From: "Matthew T(dot) O'Connor" <matthew(at)zeut(dot)net>
To: Tom Lane <tgl(at)sss(dot)pgh(dot)pa(dot)us>
Cc: Alvaro Herrera <alvherre(at)commandprompt(dot)com>, "Jim C(dot) Nasby" <jim(at)nasby(dot)net>, Hackers <pgsql-hackers(at)postgresql(dot)org>, Ron Mayer <rm_pg(at)cheapcomplexdevices(dot)com>, Gregory Stark <stark(at)enterprisedb(dot)com>
Subject: Re: autovacuum next steps, take 2
Date: 2007-02-27 02:36:10
Message-ID: 45E3991A.3030605@zeut.net
Views: Raw Message | Whole Thread | Download mbox | Resend email
Thread:
Lists: pgsql-hackers

Tom Lane wrote:
> Alvaro Herrera <alvherre(at)commandprompt(dot)com> writes:
>> Matthew T. O'Connor wrote:
>>> I'm not sure it's a good idea to tie this to the vacuum cost delay
>>> settings either, so let me as you this, how is this better than just
>>> allowing the admin to set a new GUC variable like
>>> autovacuum_hot_table_size_threshold (or something shorter) which we can
>>> assign a decent default of say 8MB.
>
>> Yeah, maybe that's better -- it's certainly simpler.
>
> I'm not liking any of these very much, as they seem critically dependent
> on impossible-to-tune parameters.
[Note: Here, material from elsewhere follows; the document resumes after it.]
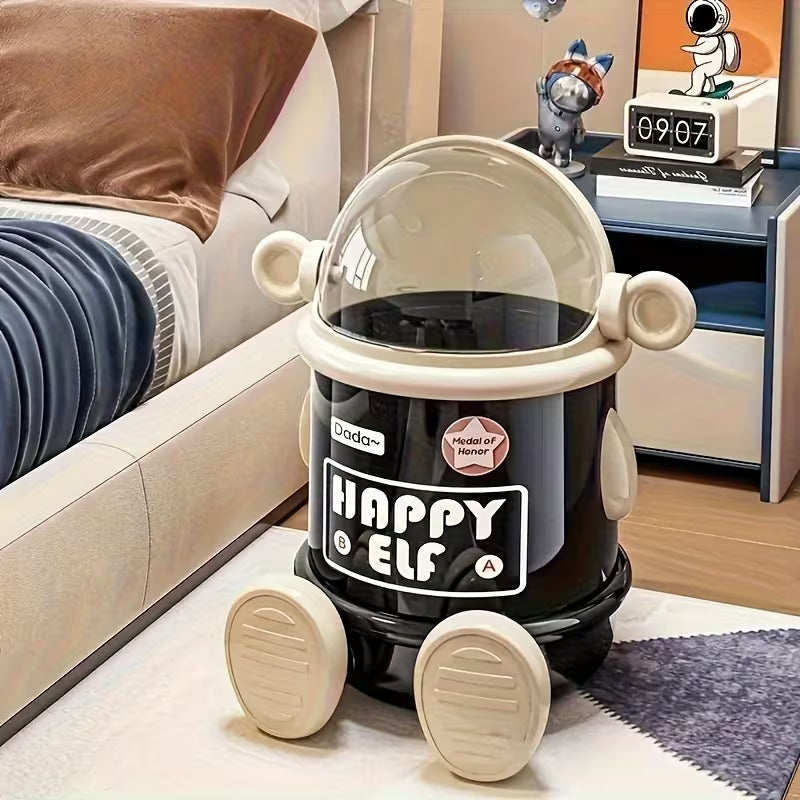 Creative Cartoon Space Astronaut Trash Can with Lid - All-In-One Store Pakistan
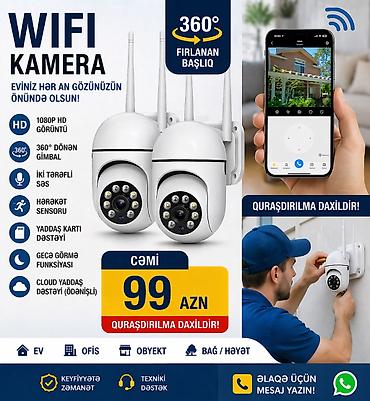 iphone 5s ucuz: 📹 WIFI Kamera – Evinizin Təhlükəsizliyi Bir Addımda! 🔹 1080P HD — 1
I think it'd be better to design this
> around having the first worker explicitly expose its state (list of
> tables to process, in order) and having subsequent workers key off that
> info. The shared memory state could include the OID of the table each
> worker is currently working on, and we could keep the to-do list in some
> simple flat file for instance (since we don't care about crash safety).
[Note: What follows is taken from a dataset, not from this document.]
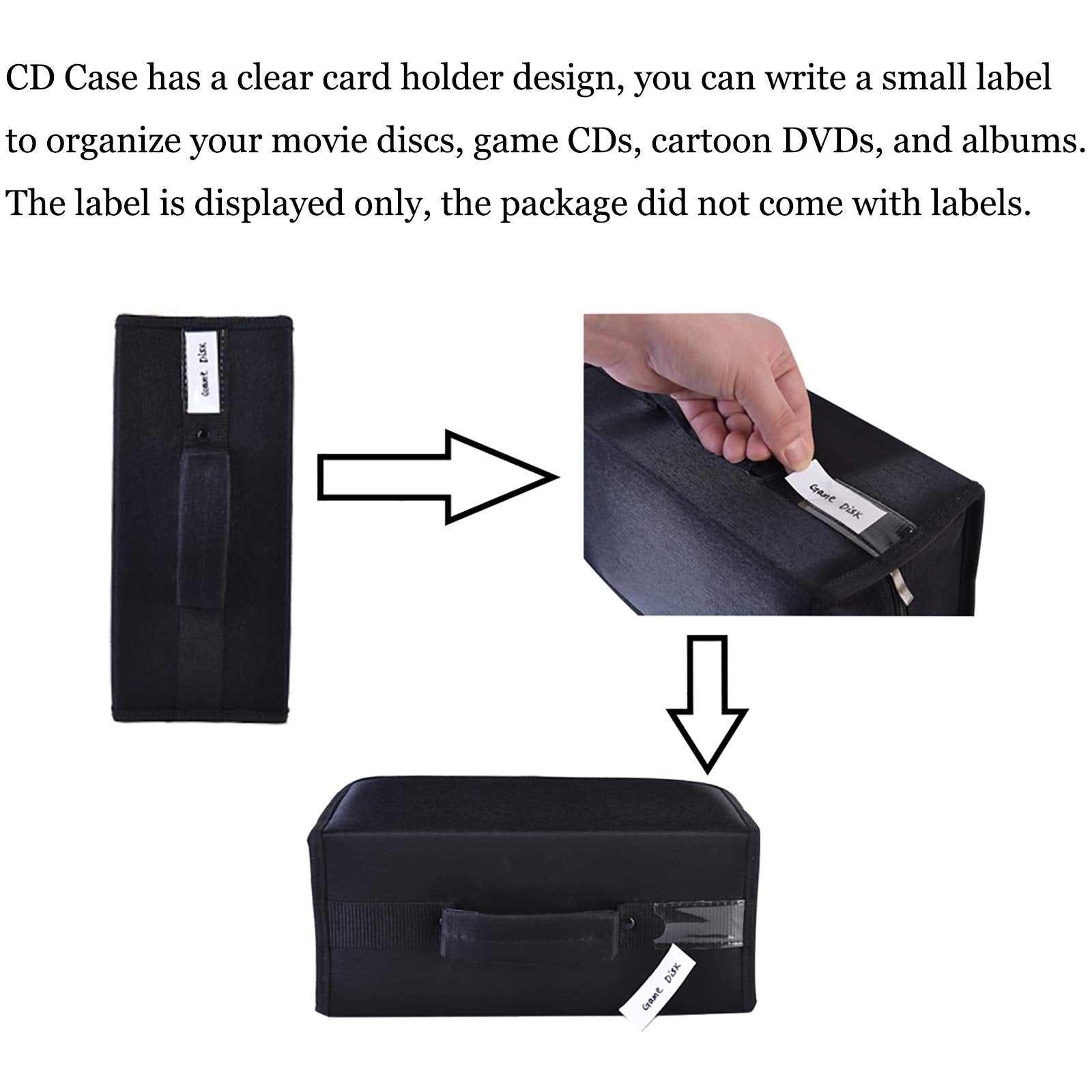 alavisxf xx CD Case, 160 Capacity Nylon DVD Case Protective CD Case Holder Portable Disc Storage Organizer Bag for Car Home (Black, 160 Capacity)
So far we are only talking about one parameter, the
hot_table_size_threshold, which I agree would be a guess by an admin,
but if we went in this direction, I would also advocate adding a column
to the pg_autovacuum table that allows an admin to explicitly define a
table as hot or not.

Also I think each worker should be mostly independent, the only caveat
being that (assuming each worker works in size order) if we catch up to
an older worker (get to the table they are currently working on) we
exit. Personally I think this is all we need, but others felt the
additional threshold was needed. What do you think? Or what do you
think might be better?

> I'm not certain exactly what "key off" needs to mean; perhaps each
> worker should make its own to-do list and then discard items that are
> either in-progress or recently done by another worker when it gets to
> them.

My initial design didn't have any threshold at all, but others felt this
would/could result in too many worker working concurrently in the same DB.

> I think an absolute minimum requirement for a sane design is that no two
> workers ever try to vacuum the same table concurrently, and I don't see
> where that behavior will emerge from your proposal; whereas it's fairly
> easy to make it happen if non-first workers pay attention to what other
> workers are doing.

Maybe we never made that clear, I was always working on the assumption
that two workers would never try to work on the same table at the same time.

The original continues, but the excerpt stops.